Sunday School, Monday School: Neither is the business of government

Home Articles Knowledge Base Sunday School, Monday School: Neither is the busin....

by Marshall Fritz

Last updated April 12, 2007

en español

Some people think that the American “public school system” is broken so they try to fix it. The truth is that public schooling is not broken. Rather, it is succeeding in its main objective — strengthen government by undermining parents.

 

State free and compulsory schooling is based on four false premises: Compartmentalism, Paternalism, Welfarism, and Socialism.

 

Compartmentalism

 

In the 1840s, Horace Mann led the charge to replace the church and home schools — which had served millions of Americans for two centuries — with “common schools” run by a state, county, district, or city. This new form of schooling spread the notion that life can be lived in compartments, some of which deal with man’s ultimate purpose (home, church, temple, and philosophy club), and some of which do not (school, work, and politics).

 

In our pluralistic society, common schooling gradually came to mean that school teachers were prohibited from discussing the most serious questions faced by our species: Why am I here? Does life have any purpose other than my happiness for seven or eight decades? Indeed, what is happiness?

 

By precluding teachers and children from probing together into the deep questions of life, the American system destroys education for all children. First, it trivializes school into the accumulation of specified data to be recalled for tests, making would-be-learners into test-taking robots. Second, it sets “feelings” as the primary decision criterion.

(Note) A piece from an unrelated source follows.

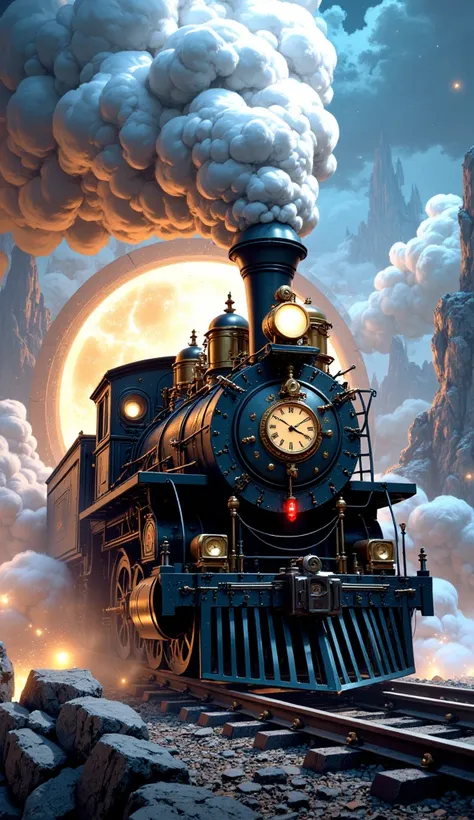 a steam train coming out of a portal. the train has a clock on its front. the portal it comes out from is magical and glows brightly. With clouds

Listen to your friends say, “How do you feel about that?” rather than “What do you think about that?”

 

Schools now tell children, “Look inside to know what is right and wrong, find your own truth, and be true to your feelings.” The New Jersey prom-girl who dropped her baby into a dumpster, Timothy McVeigh, and the Columbine killers all get A++ on the “T.Y.F.T.” (True to Your Feelings Test).

 

Paternalism

 

Americans have gradually accepted the idea that parents are not qualified to be in charge of their children’s education. We have shifted authentic duties of parents from our house to the statehouse.

 

State involvement in truancy is an example. Massachusetts politicians innovated this usurpation of parental authority in 1852. Today, a father may not send his school-resistant son into an apprenticeship program in lieu of school.

 

Unexercised muscles leave athletes physically weak. Unexercised responsibilities leave parents morally weak.

 

But if we separate school and state, will not children of irresponsible parents suffer? Utopia is not one of our options, but improvement is. Continuing down our path of paternalism will further weaken parents. Returning to parental responsibility will begin the restoration of healthy parenting.

 

Welfarism

 

In the 1840s, the Common School Movement sold the notion that every child has a right to an education at a neighbor’s expense.

 

This notion inserted an entitlement mentality into the American soul. Perfumed words of “caring” and “rights” disguise the welfare aspect of taking the neighbor’s money to pay for “free” schooling. If public housing is welfare, public schooling is welfare. If a free lunch at noon is welfare, a free math lesson at 10:00 a.m. is welfare.

 

After 150 years, this entitlement notion has festered into moral gangrene with millions of Americans believing “the world owes me a living, and a pretty good one, too.”

 

Socialism

 

Public schools fit the textbook definition of socialism, “government ownership and administration of the means of production.”

 

Socialism fails because it is morally wrong; it has no respect for individual human beings. Socialist structures ignore feedback from customers and arrange perverse incentives for employees. Replacing school board members doesn’t correct the ills of schooling any more than changing managers of Soviet collective farms resulted in more wheat.

 

Those trying to reform public schools are just plucky Perestroikans trying to fix socialism. We need to restore the quintessential American idea that freedom works better than socialism.

 

In summary, the way out of the school mess is for Americans to do with schools what we did with churches. We must not let government pay for it, command attendance, or mandate the content. In other words, we must prohibit government involvement in Monday school just as we have in Sunday school.